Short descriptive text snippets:
=======
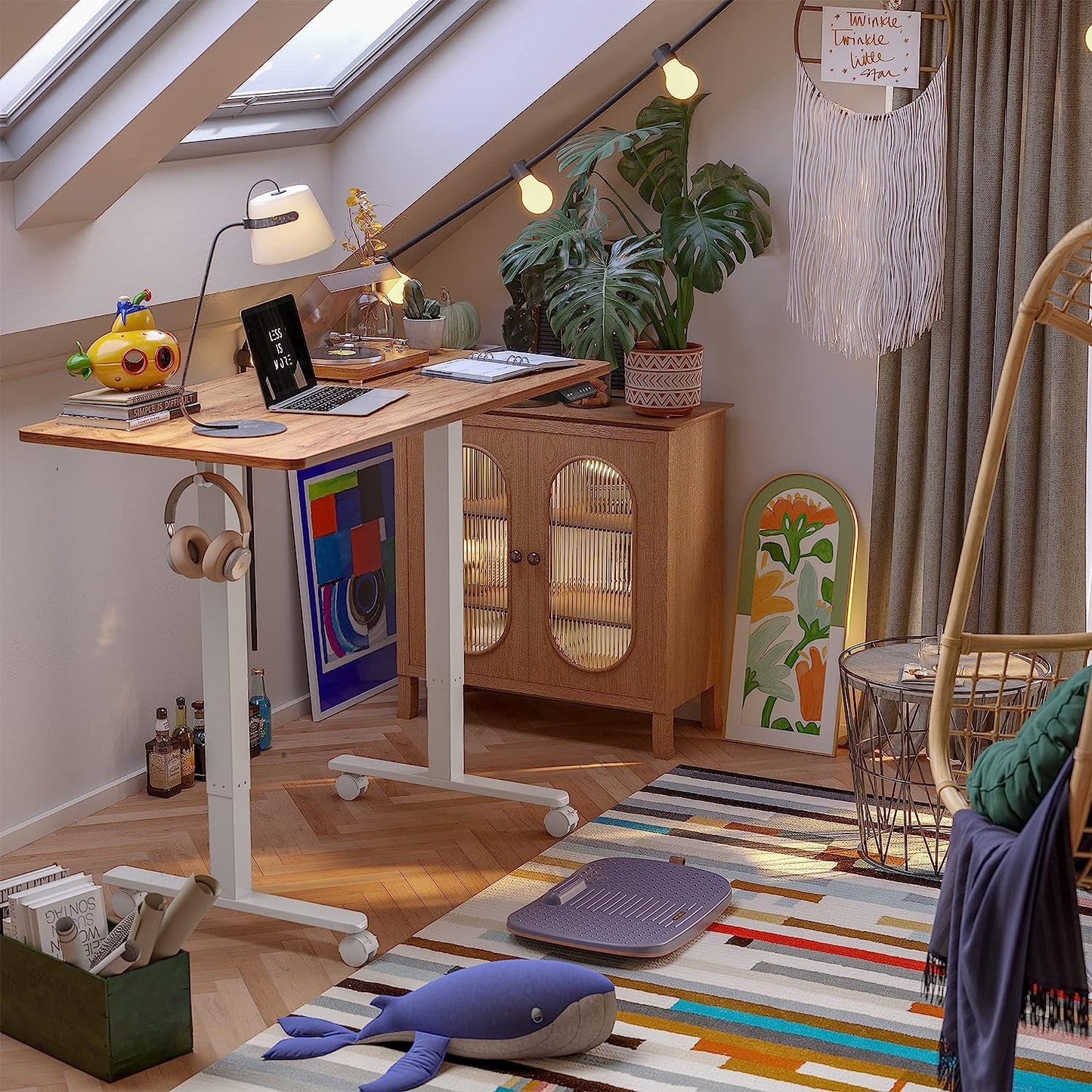 Electric Height Adjustable Office Desk 48x24 Inches Anti Collision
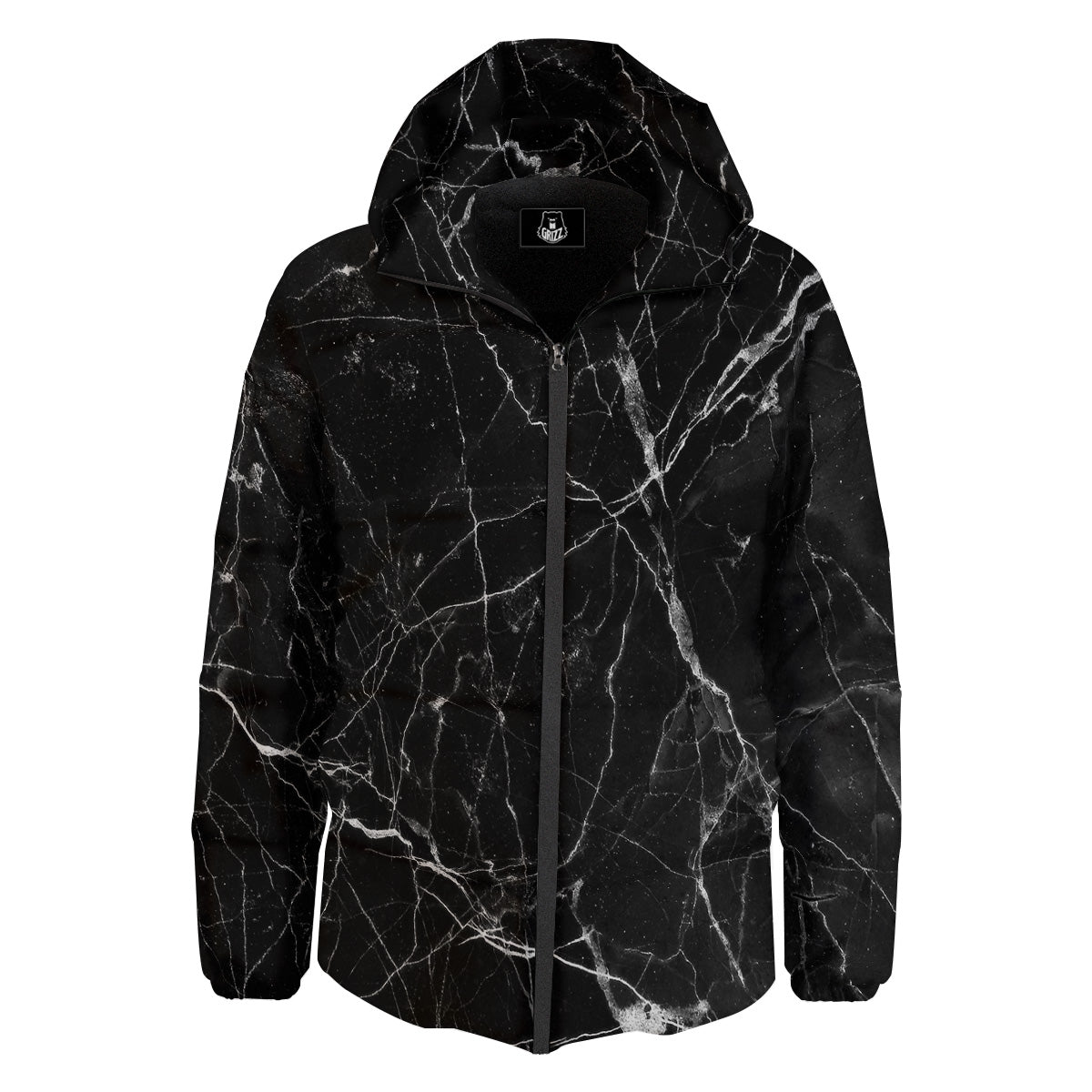 Black Marble White Grunge Print Down Jacket-grizzshop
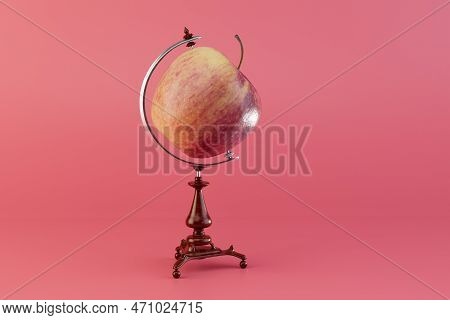 Globe Apple. Apple On A Globe Stand On A Redbackground. 3d Render.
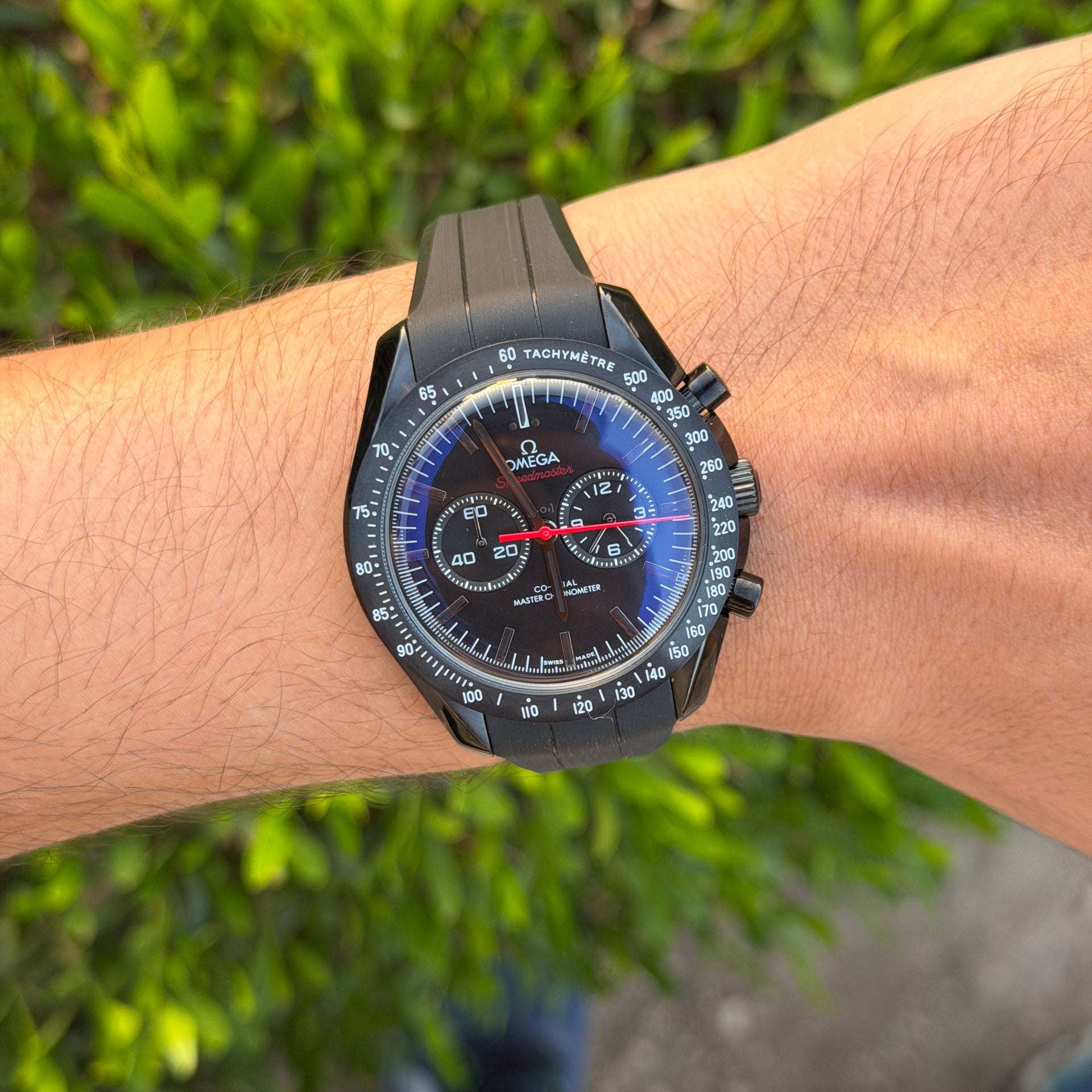 Omega Speedmaster Chronograph with Grey Rubber Strap
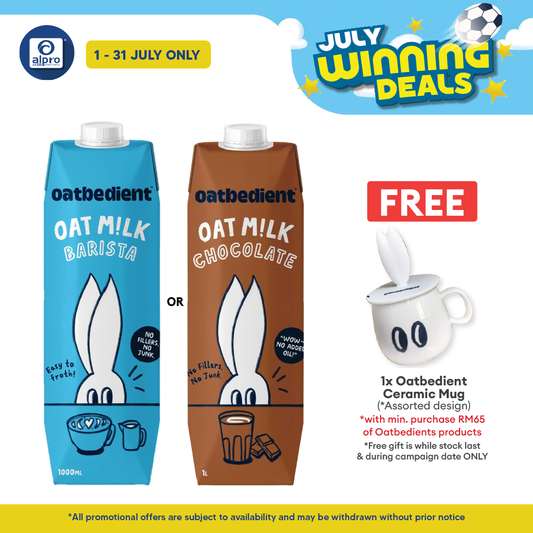 Oatbedient Oat Milk (Barista/ Chocolate) 1L | Smooth & Creamy with Natural Sweet Oatbedient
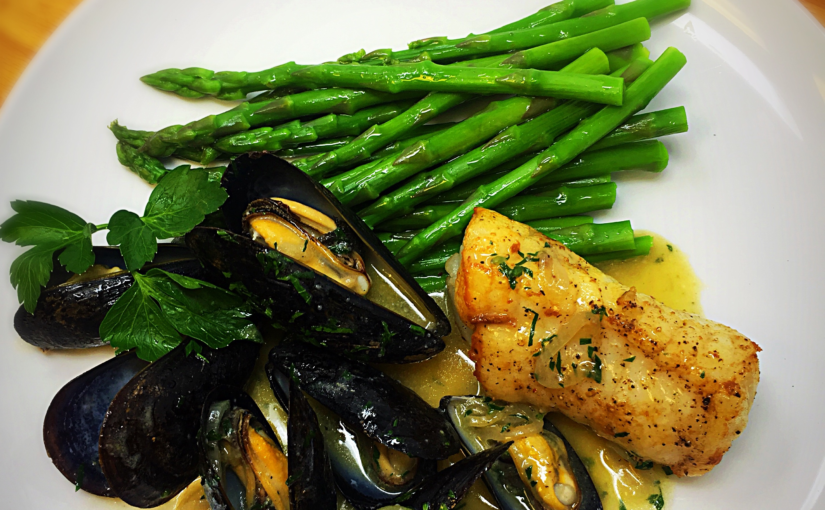 Monkfish, Asparagus & Mussels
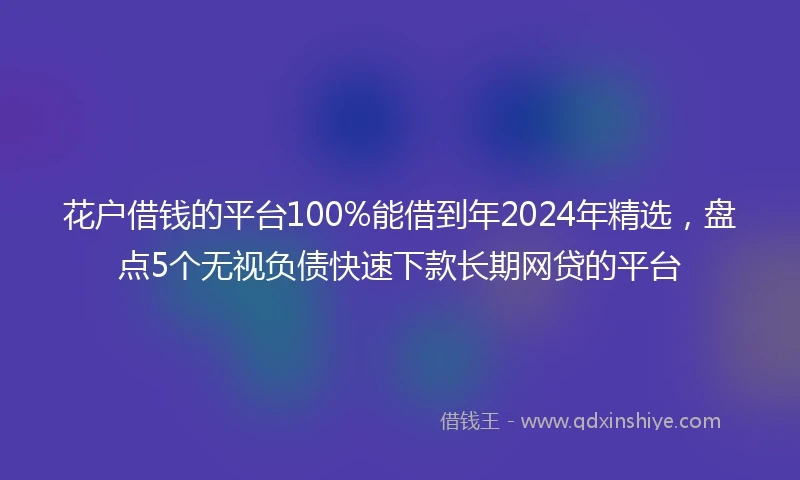 花户借钱的平台100%能借到年2024年精选，盘点5个无视负债快速下款长期网贷的平台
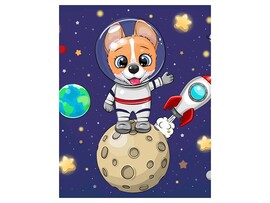 Холст с красками 22х30 см по номерам. Маленький космонавт доставка оптом в Донецк
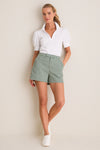 Eden Green Gingham Performance Stretch Woven Ruth Golf Short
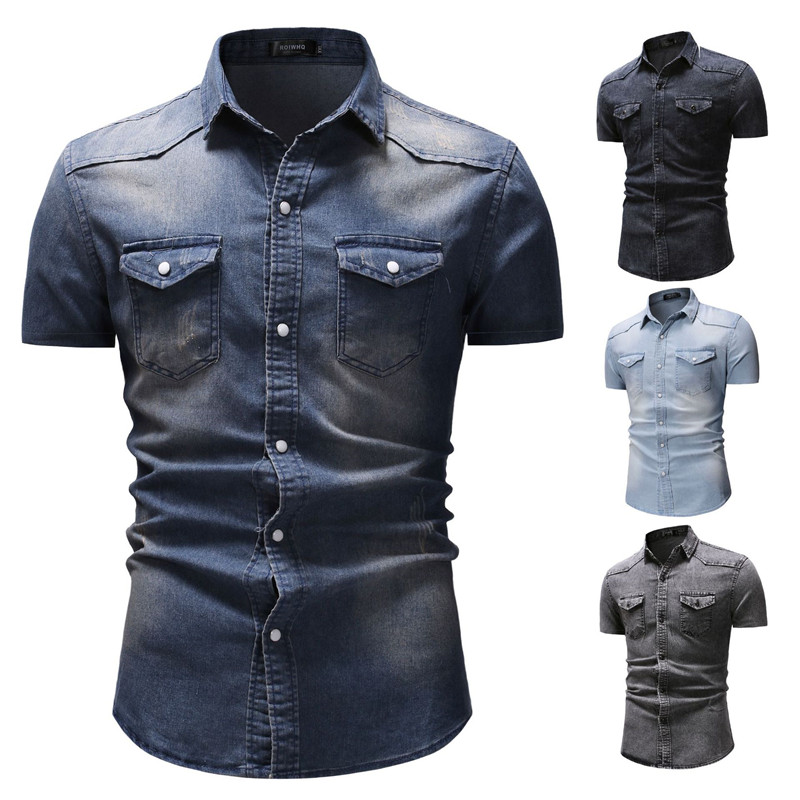 Men's Casual Slim Fit Button Shirt With Pocket Cotton Elastic Short Sleeve Blouse Cowboy Shirt Denim Streetwear Top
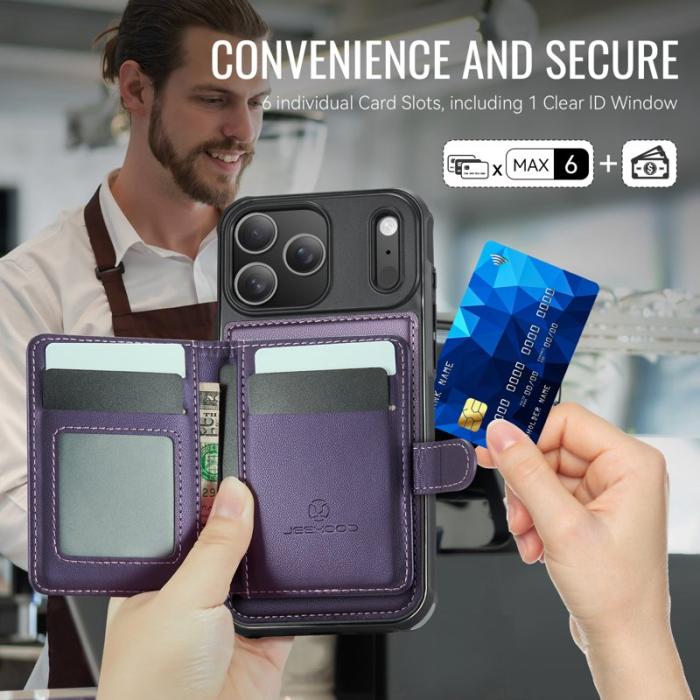 JEEHOOD - JEEHOOD J09 iPhone 17 Pro Skal RFID Låsfunktion Läder Lila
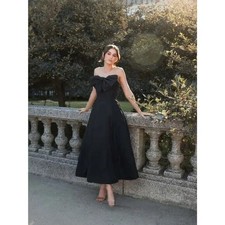 Mac Duggal 49605 Strapless A-Line Tea Length Statement Bow Dress Size Sz 8 NWOT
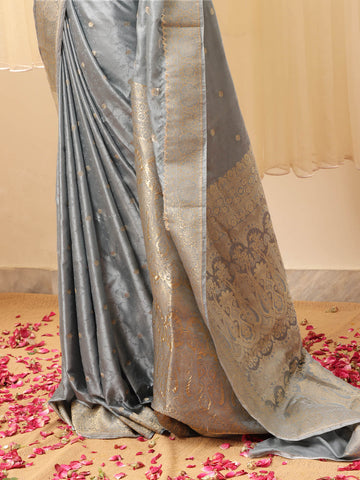 Silk Banarasi Saree - Steel Blue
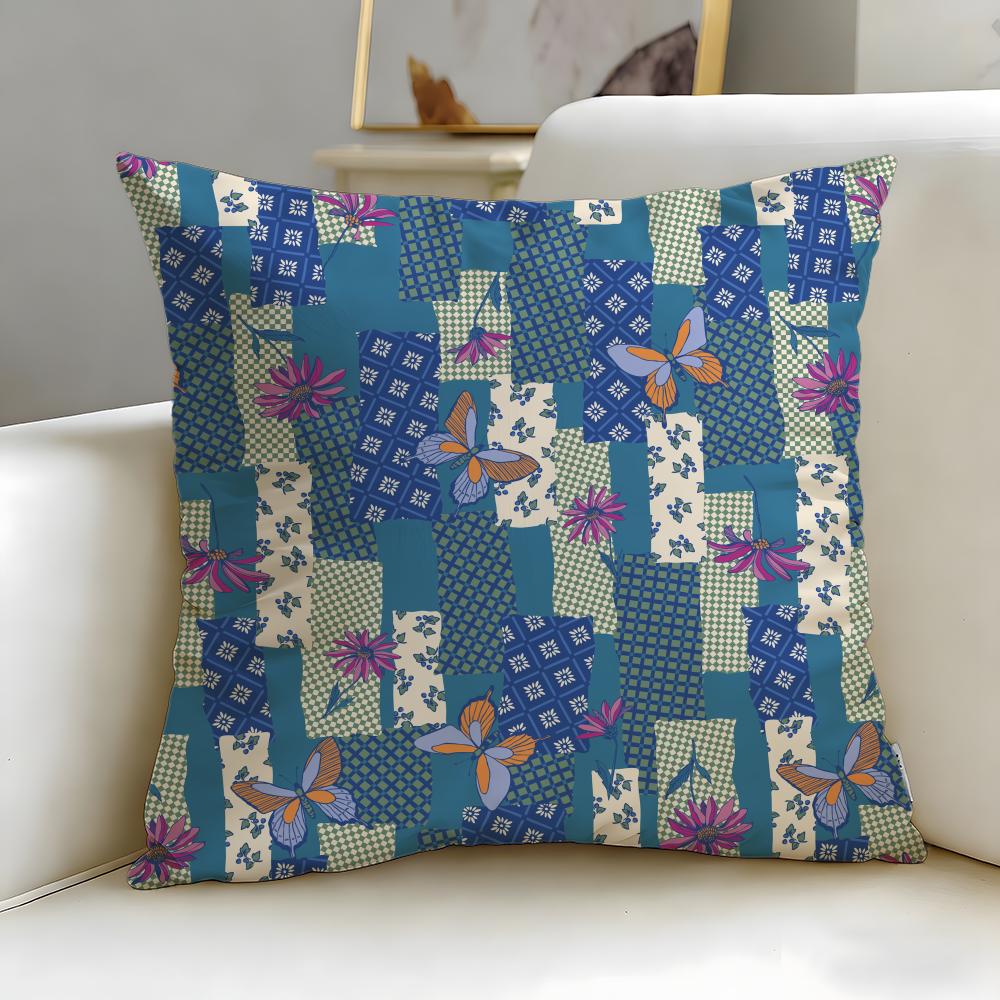 

art theme Colorful Patchwork Pattern Cushion Cover Soft & Easy-Wash Pillow Case – Versatile for Couch, Bed, Travel and Office 30cmx30cm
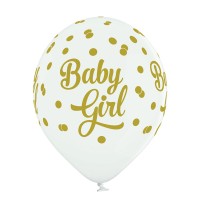 Standaard ballonnen-D11- Baby Girl Dots (6st assorted)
=======
▶ **Your instructions**:
Extract only the lines from the one that contains "花户借钱的平台100%能借到" through the end of the records, inclusive, and omit every picture.

▶ **Solution to this task**:
 花户借钱的平台100%能借到年2024年精选，盘点5个无视负债快速下款长期网贷的平台
 Холст с красками 22х30 см по номерам. Маленький космонавт доставка оптом в Донецк
 Eden Green Gingham Performance Stretch Woven Ruth Golf Short
 Men's Casual Slim Fit Button Shirt With Pocket Cotton Elastic Short Sleeve Blouse Cowboy Shirt Denim Streetwear Top
 JEEHOOD - JEEHOOD J09 iPhone 17 Pro Skal RFID Låsfunktion Läder Lila
 Mac Duggal 49605 Strapless A-Line Tea Length Statement Bow Dress Size Sz 8 NWOT
 Silk Banarasi Saree - Steel Blue

art theme Colorful Patchwork Pattern Cushion Cover Soft & Easy-Wash Pillow Case – Versatile for Couch, Bed, Travel and Office 30cmx30cm
 Standaard ballonnen-D11- Baby Girl Dots (6st assorted)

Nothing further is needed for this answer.